Dialkylphosphates (DAPs) are urinary metabolites and breakdown products of organophosphorous (OP) pesticides. Urinary DAPs are widely used to assess exposure to OP pesticides in epidemiologic studies. Recent evidence suggests that preformed DAPs are present in food and that they may also be present in other parts of the environment. Thus, DAP concentrations observed in urine may reflect a person's exposure to both parent OP pesticides and preformed DAPs in food and other environmental media. The presence of preformed DAPs in multiple media may indicate that previous studies have overestimated exposure to OP pesticides and that the use of urinary DAPs as biomarkers of exposure for OP pesticides may not accurately characterize exposure in non-acute settings. To establish the presence of DAPs in environmental and food media, we developed analytical methods to measure six DAPs in dust and orange juice. The limits of detection (LOD) for the dimethyl phosphates (dimethylphosphate (DMP), dimethylthiophosphate, and dimethyldithiophosphate) ranged from 2.8-9.9 ng g(-1) and 0.2-0.4 ng mL(-1) in dust and juice, respectively. The LODs for the diethyl phosphates (diethylphosphate (DEP), diethylthiophosphate, diethyldithiophosphate) ranged from 5.2-10.4 ng g(-1) and 0.5-3.0 ng mL(-1) in dust and juice, respectively. The extraction efficiencies for the analytes ranged from 23% to 91% and from 41% to 85% in dust and orange juice, respectively. DMP was detected in about half of the dust samples whereas DEP was detected in 80% of the dust samples tested.
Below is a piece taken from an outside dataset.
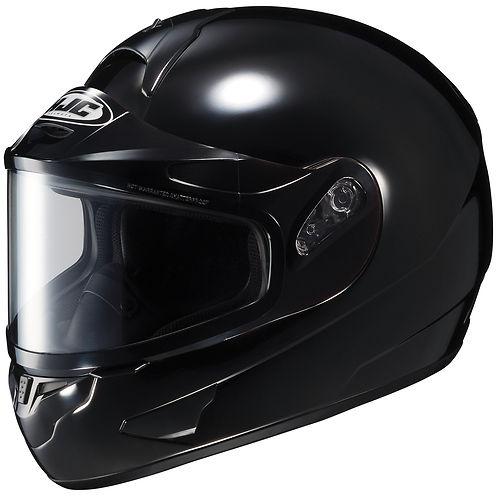 Hjc cl-16 dual lens snowmobile snow helmet gloss black xsmall
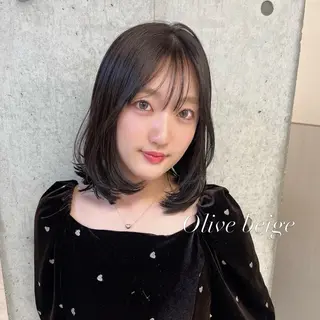 ミディアム カラー りおな/髪質改善/ カラー /平尾のヘアスタイル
Other DAPs were less frequently detected in dust. Less than 3% of intact pesticide present in the matrices was converted to their respective DAPs during the pre-analytic and analytic process. Evaluation of the conversion of intact pesticides in the samples to DAPs will help us to better understand the contribution of preformed DAPs to urinary DAP concentrations.